Руководство СССР отлично сознавало свою вину в ленинградской трагедии. Вот почему трусливо скрывались масштабы смертности и 649 тысяч человек – цифра, выдернутая из архивной справки (число поименно учтенных смертей от дистрофии, обстрелов и бомбежек) – выдавались за общую величину потерь. В действительности же война унесла не менее половины трехмиллионного населения Ленинграда.
Уничтожались и прятались документы, появился Московский парк Победы на месте блокадного крематория и захоронений при нем. Официально признавались только Пискаревский и Серафимовский мемориалы, а прочие братские кладбища, где покоится еще полмиллиона блокадников, как бы не существовали. Вряд ли случайно и архитектурное решение Пискаревского мемориала. Бронзовая статуя женщины с венком замыкает перспективу, а на самом деле захоронения тянутся далеко за ее спиной, вследствие чего скрадываются подлинные размеры гигантского погоста.
Над вечным покоем
Двадцать лет назад меня водил по Пискаревскому кладбищу его директор Александр Шошмин. В начале блокады, рассказывал он, братские могилы появились на всех городских погостах. Но вскоре любая попытка выкопать траншею заканчивалась артобстрелом, поскольку немцы через агентуру отслеживали абсолютно все, что происходило в городе. Тогда решили сосредоточить захоронения на удаленных от передовой Пискаревском и Богословском кладбищах. В первую зиму Пискаревка представляла собой морг под открытым небом, где лежали тела горожан, раненых из госпиталей и даже немецких военнопленных. Весной спешно предали тела земле. Символические ряды насыпей с указанием года появились только при строительстве мемориала. "Здесь кости везде, – говорил директор. – Нельзя даже устроить дренаж для талых вод".

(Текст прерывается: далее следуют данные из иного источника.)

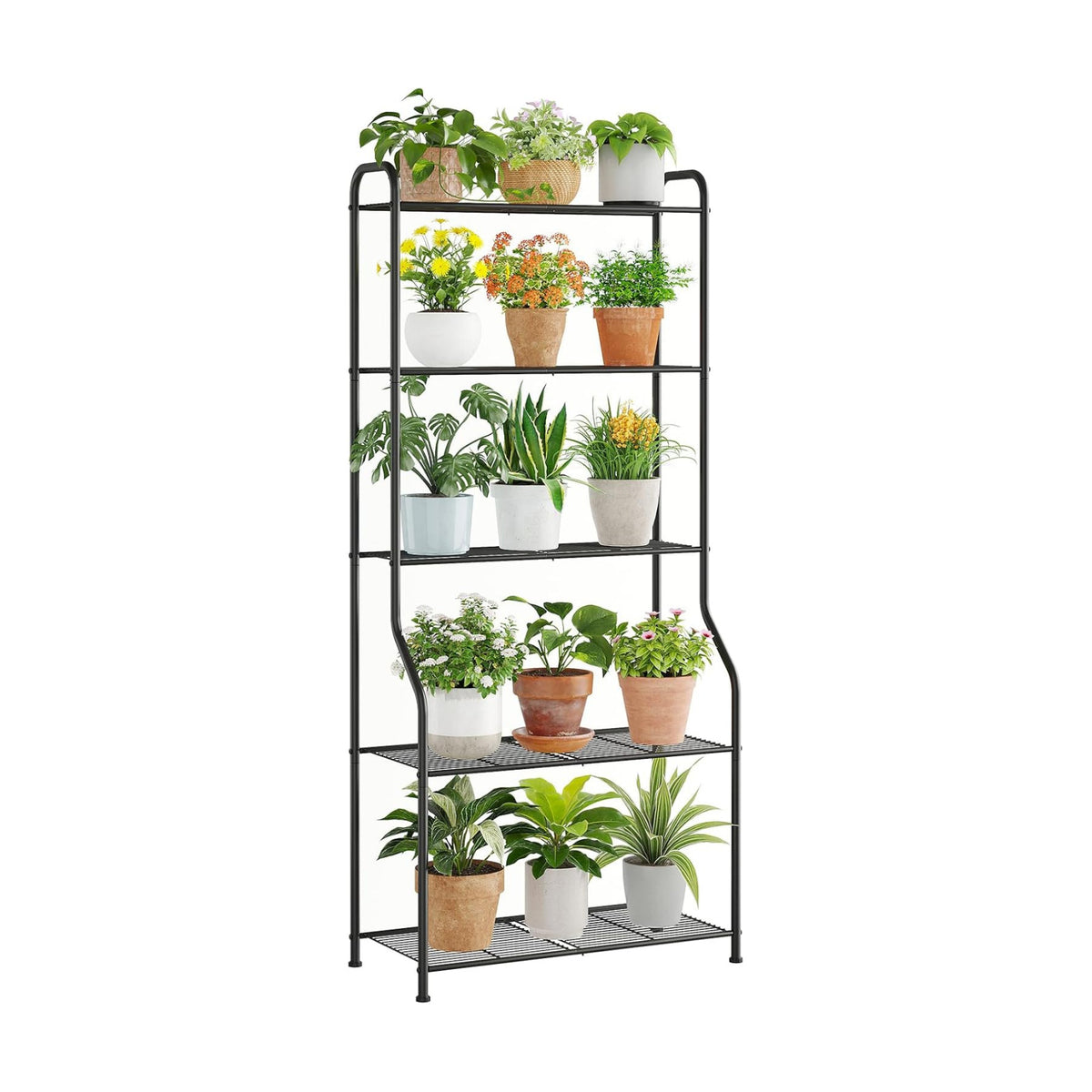 5-Tier Corner Plant Stand, Metal Black Flower Pot Rack, Indoor Outdoor Heavy Duty Shelf (Black, 5 Tier)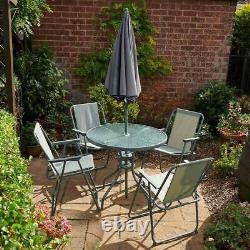 Patio Set 6 Piece Grey Summer Garden Furniture 4 Chairs + Parasol + Table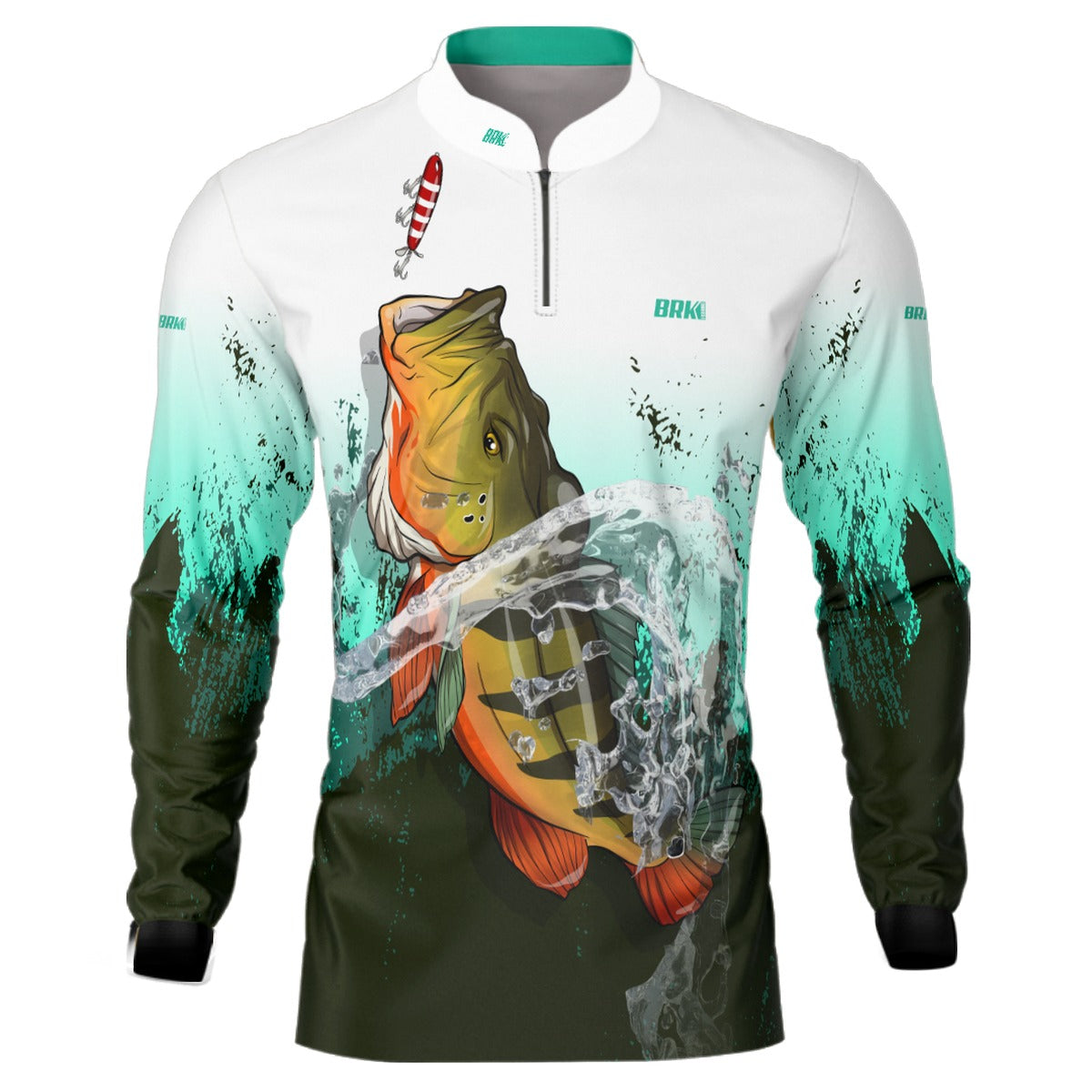 Camisa de Pesca Brk Verde com Branco Tucunaré com UV50+ - Brk Fishing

В 1960-х возникла и, судя по телерепортажам, сохраняется традиция наугад показывать желающим приблизительное место упокоения их родственников. А тысячи людей идут на блокадные кладбища как на семейные погосты. При всем уважении к государственному празднику в Петербурге годовщины Победы всегда будут прежде всего днями домашнего поминовения и скорби.